A bastonária da Ordem dos Enfermeiros defende que sim. A participar no programa 'Em Nome da Lei’, na rádio Renascença, Ana Rita Cavaco revelou que a eutanásia é praticada nos hospitais públicos e que já assistiu a situações em que os médicos do Serviço Nacional de Saúde (SNS) sugeriram dar insulina a doentes em situação terminal para lhes causar o coma e provocar a morte.

“Vivi situações pessoalmente, não preciso de ir buscar outros exemplos. Vi casos em que médicos sugeriram administrar insulina àqueles doentes para lhes provocar um coma insulínico. Não estou a chocar ninguém porque quem trabalha no SNS sabe que estas coisas acontecem por debaixo do pano, por isso vamos falar abertamente”, explicou Ana Rita Cavaco. "Não estou a dizer que as pessoas o fazem, estou a dizer que temos de falar sobre essas situações", acrescentou.

A bastonária afirma que a eutanásia é praticada nos hospitais públicos e defende mesmo que existem outras "figuras públicas que já o admitiram, e mais vale admitirmos que há coisas que não estão legisladas, mas que são feitas”, sublinhou. Questionada sobre se este processo é um crime, Ana Cavaco disse que sim, "mas isso acontece em todos os setores da sociedade, mais vale discutir”.

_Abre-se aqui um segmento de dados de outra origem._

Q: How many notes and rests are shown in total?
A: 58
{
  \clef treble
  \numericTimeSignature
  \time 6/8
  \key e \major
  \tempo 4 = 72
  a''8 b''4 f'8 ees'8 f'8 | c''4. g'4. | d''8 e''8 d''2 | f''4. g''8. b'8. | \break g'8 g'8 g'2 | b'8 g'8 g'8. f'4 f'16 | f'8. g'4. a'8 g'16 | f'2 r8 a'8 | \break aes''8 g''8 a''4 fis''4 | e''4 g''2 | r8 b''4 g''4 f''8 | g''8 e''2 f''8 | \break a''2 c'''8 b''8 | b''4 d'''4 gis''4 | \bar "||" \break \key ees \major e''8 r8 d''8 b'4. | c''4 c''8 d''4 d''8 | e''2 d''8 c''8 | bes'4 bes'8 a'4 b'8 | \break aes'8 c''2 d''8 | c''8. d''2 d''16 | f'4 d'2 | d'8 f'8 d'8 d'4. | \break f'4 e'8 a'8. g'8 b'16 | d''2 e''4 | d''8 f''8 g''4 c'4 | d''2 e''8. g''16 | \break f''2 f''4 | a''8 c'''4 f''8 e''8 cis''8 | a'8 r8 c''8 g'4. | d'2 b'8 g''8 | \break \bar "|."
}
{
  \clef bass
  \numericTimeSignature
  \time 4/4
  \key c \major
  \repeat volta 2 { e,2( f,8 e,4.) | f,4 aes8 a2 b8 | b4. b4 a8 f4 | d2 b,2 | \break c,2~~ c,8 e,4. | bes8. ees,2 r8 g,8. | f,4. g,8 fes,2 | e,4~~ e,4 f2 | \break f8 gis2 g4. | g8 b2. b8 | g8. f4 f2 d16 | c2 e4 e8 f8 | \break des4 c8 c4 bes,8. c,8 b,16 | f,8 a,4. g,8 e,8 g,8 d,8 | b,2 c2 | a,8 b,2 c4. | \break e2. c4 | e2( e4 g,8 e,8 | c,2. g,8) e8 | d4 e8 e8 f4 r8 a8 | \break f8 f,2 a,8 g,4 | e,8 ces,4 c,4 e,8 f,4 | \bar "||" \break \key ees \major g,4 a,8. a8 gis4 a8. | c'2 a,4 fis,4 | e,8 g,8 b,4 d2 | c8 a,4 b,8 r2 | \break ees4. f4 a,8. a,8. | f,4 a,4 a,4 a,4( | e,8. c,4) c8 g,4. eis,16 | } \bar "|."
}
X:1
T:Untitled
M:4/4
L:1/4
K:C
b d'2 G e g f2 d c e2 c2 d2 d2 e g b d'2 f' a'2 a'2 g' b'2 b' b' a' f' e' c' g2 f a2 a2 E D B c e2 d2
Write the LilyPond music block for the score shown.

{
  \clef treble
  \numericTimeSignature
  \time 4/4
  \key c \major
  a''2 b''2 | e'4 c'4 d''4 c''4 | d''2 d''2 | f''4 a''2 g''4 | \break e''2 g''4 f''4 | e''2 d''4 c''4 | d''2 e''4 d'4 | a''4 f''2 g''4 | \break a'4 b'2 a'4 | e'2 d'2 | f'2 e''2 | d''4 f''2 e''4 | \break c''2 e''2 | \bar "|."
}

Assinante da petição Direito a Morrer com Dignidade, um manifesto em defesa da despenalização da morte assistida que reuniu assinaturas suficientes para ser debatida na Assembleia da República, Ana Rita Cavaco diz que a assinou pela experiência de sofrimento com que se tem deparado na sua vida profissional, uma vez que existem casos em que os cuidados paliativos não conseguem aliviar o sofrimento das pessoas.

Opiniões opostas: "Os médicos servem para ajudar a viver e a eutanásia ajuda a acabar com a vida"

No entanto, existem outros profissionais da área que não concordam com esta tomada de decisão. Em declarações á Renascença, Isabel Garriça Neto, médica e deputada do CDS, explica que durante os 20 anos de experiência com doentes terminais, só em situações muito pontuais os cuidados paliativos não conseguem acabar com a dor intolerável. Acredita que o problema está em não haver cuidados paliativos em todos o país e só existem cerca de 300 camas no SNS, por isso, aumentar os serviços é o que deve ser feito para evitar que pessoas estejam em sofrimento intolerável.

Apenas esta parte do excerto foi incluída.